I can't stand people who would want to push off the "pitbulls" negative attention onto another breed.


----------



## performanceknls (Apr 4, 2009)

Committed2excellence said:


> That video was all over the map. First part was informative and I am wondering why the breeder would allow one of her dogs to be seen in that negative light during the end of the video. The little man clearly couldn't handle the dog and didn't seem like he knew a whole lot about the dog. Also interesting how we kept hearing about their protective prowess but we didn't get to see any bitework or any true control work.


:goodpost:

I didn't watch the whole thing but from what I did see I just don't understand the need for such an aggressive dog. I can see the guardian behavior and understand why a dog that aggressive with guardian traits would be a great guard dog but why? Dogs like these will end up in trouble because you will get owners who cannot control them. I kind of think they are really cool dogs and I would take one for our guard dog but I think the average person could not handle one. These should not be put on TV for idiots to want they should be a guarded secret for those that can handle them.

I also would like to know if that lady is for real.... like does she really know what she's doing or is she trying to pretend she knows what she is doing....


----------



## SideKick (Jul 18, 2011)

these dogs are great at what they are meant to do and that is protecting herds! From what I've heard these dogs aren't nearly as aggressive as the video makes them out to be. Atleast not when they are bred and used for thier original purpose. But most ppl here in the states want a more aggressive guard dog and we know what happens when that is the selling point.


----------



## Committed2excellence (May 3, 2011)

SideKick said:


> these dogs are great at what they are meant to do and that is protecting herds! From what I've heard these dogs aren't nearly as aggressive as the video makes them out to be. Atleast not when they are bred and used for thier original purpose. But most ppl here in the states want a more aggressive guard dog and we know what happens when that is the selling point.

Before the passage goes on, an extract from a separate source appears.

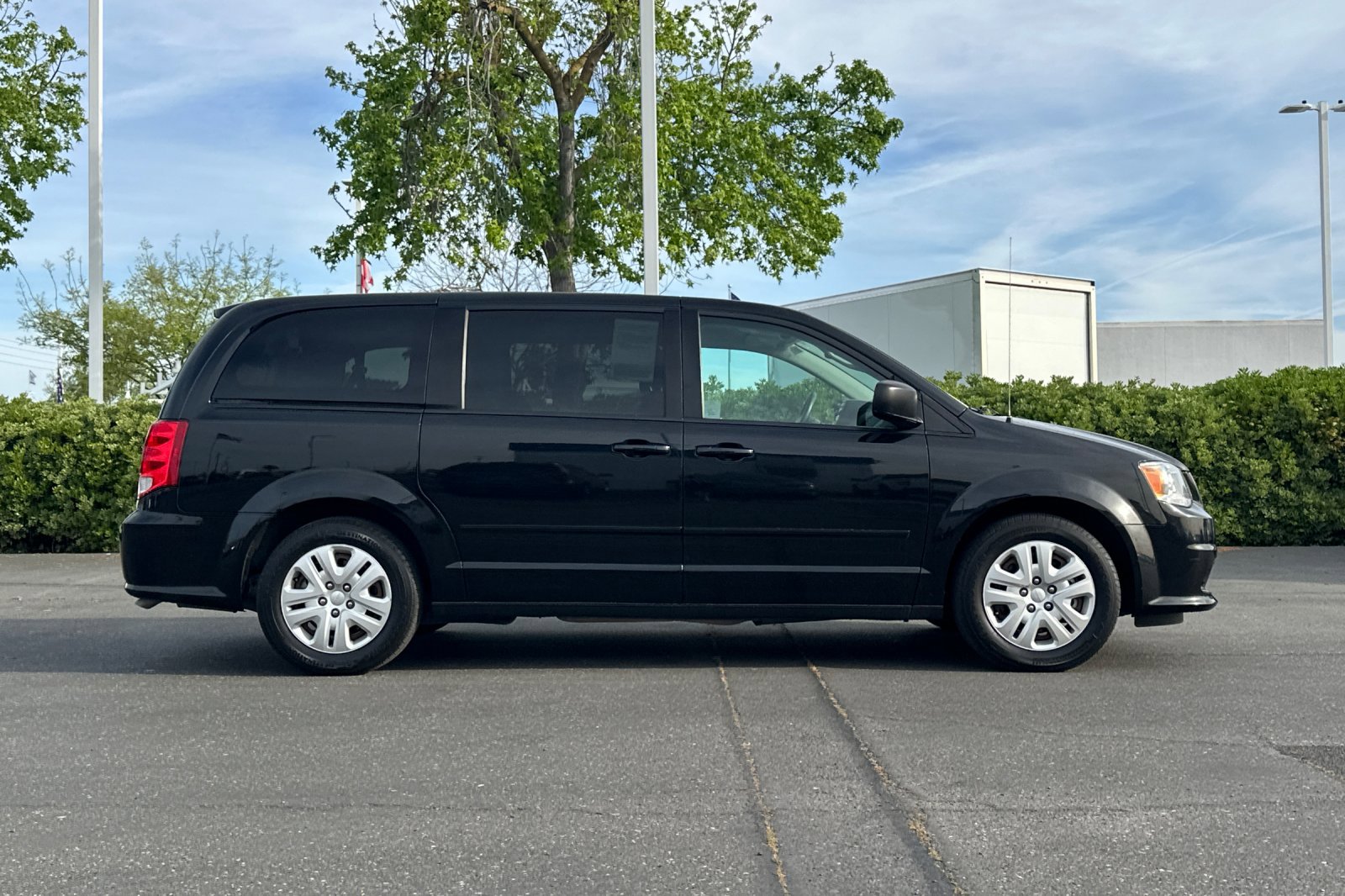 Used 2017 Dodge Grand Caravan SE image 3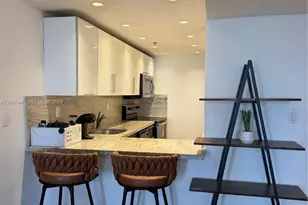 100 Lincoln Rd, Miami Beach, FL 33139 - Photo 11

I've seen a few at shows and I was more worried about getting slobbered on than getting bitten. However, maybe the lady in the film has the stuff that she keeps "in the backroom" lol that everyone doesn't have access to


----------



## KMdogs (Apr 22, 2011)

These dogs can be more controlled than the video describes and as always on tv the video focuses (lopsided) on one aspect of the breed. They are serious dogs however you do need a proper understanding of the mentality to even begin.. When that dog was shown dragging that guy down the street it showed complete lack of control and with that comes unpredictable. Whos to say this dog wouldn't attack a child on the other side of the street if "the dog decides" that child is a threat? That was pretty ridiculous. 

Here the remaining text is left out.